JMK, thanks for your interesting 'fable'. In style it reminded me of Godel, Escher, Bach - An Eternal Golden Braid by Douglas Hofstadter. Indeed this wonderful book opened up my mind to the concepts of the infinite regress that I discuss in the last chapter of ITLAD (Is There Life After Death) and as a central concept of the whole CTF (Cheat The Ferryman) idea. Indeed I also thought that it reminded me of the film version of Jerzy Kosinski's novel Being There. You will recall that in this, his last film, Peter Sellers plays the role of a gardener called Chance who makes very simple but seemingly meaningful statements about philosophy etc.
I personally really enjoyed reading your story and it most certainly made me think.

On Saturday I gave a lecture at Birkenhead Library. May I thank the forty or so people who turned up and contributed to a very interesting afternoon. I would also like to thank the library staff for their help and assistance (and, in some cases, involvement in the debate). Next week I am at Heswall library and I am hoping for a similar turn-out.

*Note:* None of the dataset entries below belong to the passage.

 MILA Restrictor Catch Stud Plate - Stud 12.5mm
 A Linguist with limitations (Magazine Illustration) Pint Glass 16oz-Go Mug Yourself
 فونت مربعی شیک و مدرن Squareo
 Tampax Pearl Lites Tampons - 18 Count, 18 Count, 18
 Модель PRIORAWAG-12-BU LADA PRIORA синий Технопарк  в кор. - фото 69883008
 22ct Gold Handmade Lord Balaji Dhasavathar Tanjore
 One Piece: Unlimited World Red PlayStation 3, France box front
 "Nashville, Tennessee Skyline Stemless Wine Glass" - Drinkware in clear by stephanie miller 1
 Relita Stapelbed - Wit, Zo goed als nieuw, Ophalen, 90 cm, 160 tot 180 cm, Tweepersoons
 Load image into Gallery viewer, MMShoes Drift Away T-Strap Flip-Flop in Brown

This week I am going to be busy writing the first chapter of my new book, The Daemon Of Creativity. All the research and notes have been completed and now I have to get down and become 'creative' myself. I hope that my Daemon is ready to assist me!

Saturday 3 February 2007

A Theory of Nothing...

A THEORY OF NOTHING!

Thanks for inviting me to your blog. You may recall I’m the freelance writer who contacted you after reading your excellent book. You may also recall me mentioning this theory I’d come up with. The original version was rather rough so I’ve attempted to polish it up a little. I must stress here and now that I’m not putting it forward as a serious scientific theory. It’s from a satirical book I’m working on and is merely intended as a bit of fun. Being human and therefore fallible, it will contain certain flaws and therefore be open to criticism. I suppose the only consolation is that my critics are also fallible, so their contributions will likewise be flawed. However, knowing my luck, they’ll probably be less flawed than mine. Anyway, here goes...

During a science documentary, a female TV presenter called Juneberry tells Stephen Hawking that her gardener, a man called Bert, had come up with a Theory of Absolutely Everything...

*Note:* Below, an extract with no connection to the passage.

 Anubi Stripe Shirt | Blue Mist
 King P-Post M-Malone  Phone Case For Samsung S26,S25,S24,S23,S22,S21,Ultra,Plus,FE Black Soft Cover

HAWKING: A Theory of Absolutely Everything?

JUNEBERRY: Yes, it’s based on absolutely nothing.

HAWKING: A Theory of Absolutely Everything based on absolutely nothing.

JUNEBERRY: That’s right. Apparently, he was considering the concept of Absolute Nothingness, as gardeners are often wont to do. He called this AN. It was composed, (if that were possible) of nothing to the power of nothing. He added a jocular note and asked me to imagine the inside of George Bush’s head. If I cared to think about it I would see that Absolute Nothingness cannot exist because there’s nothing there to exist. According to Bert, in a state of Absolute Nothingness there can be no form of existence whatsoever. Even to say that AN exists is a contradiction in terms.

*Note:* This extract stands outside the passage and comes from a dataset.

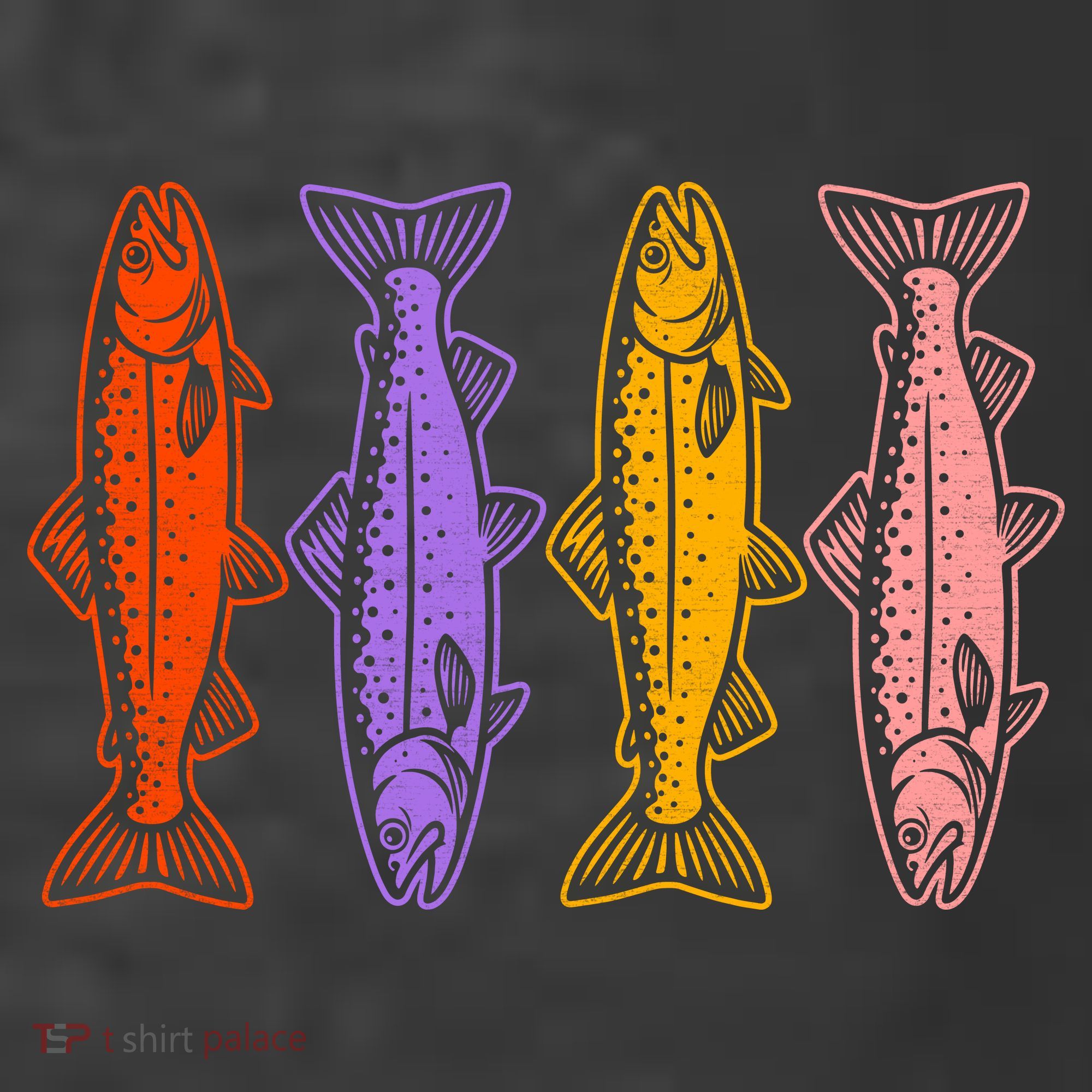 Rainbow Trout Fish Retro 80s Kids T-Shirt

She paused, but Hawking said nothing. He was just staring at her.

JUNEBERRY: So, if AN cannot exist, then its opposite – Absolutely Everything – must. According to Bert, Absolutely Everything or AE, is a state of existence that contains everything that can exist. I asked him about unicorns. They don’t exist. Bert responded by telling me that AE included everything real and imagined. Unicorns may not exist in the real world, but they do in the imaginary one. He pointed out that they also exist in drawings and animated cartoons. Absolute non-existence, he said, refers to something that does not exist in the real or the imaginary world. Could I think of such a thing? It was clearly a trick question and I said I couldn’t because as soon as I did it would exist. There you go, he said.

Hawking was still staring at her. He seemed mesmerised.

JUNEBERRY: Bert told me that the proof AE exists is in the pudding. We are the pudding. He also said that AE is infinite. And, because he knew mathematicians and philosophers liked to quibble about the definition of this term, he decided to save them a lot of hot air. He said his infinity, was infinity to the power of infinity. That’s pretty big, I said. Wrong, he said. This infinity has absolutely no size at all. According to Bert, infinity is both the largest thing there can ever be and the smallest. Like quantum particles, it exists in two states at the same time. In other words, said Bert, if there were an infinite number of universes out there they could, theoretically, fit inside the pocket of my jeans. However, in order to do so, the pocket of my jeans would need to be larger than infinity. This would make my jeans very big indeed. Not to mention, I laughed, the person inside them. Maybe I should go to Weightwatchers?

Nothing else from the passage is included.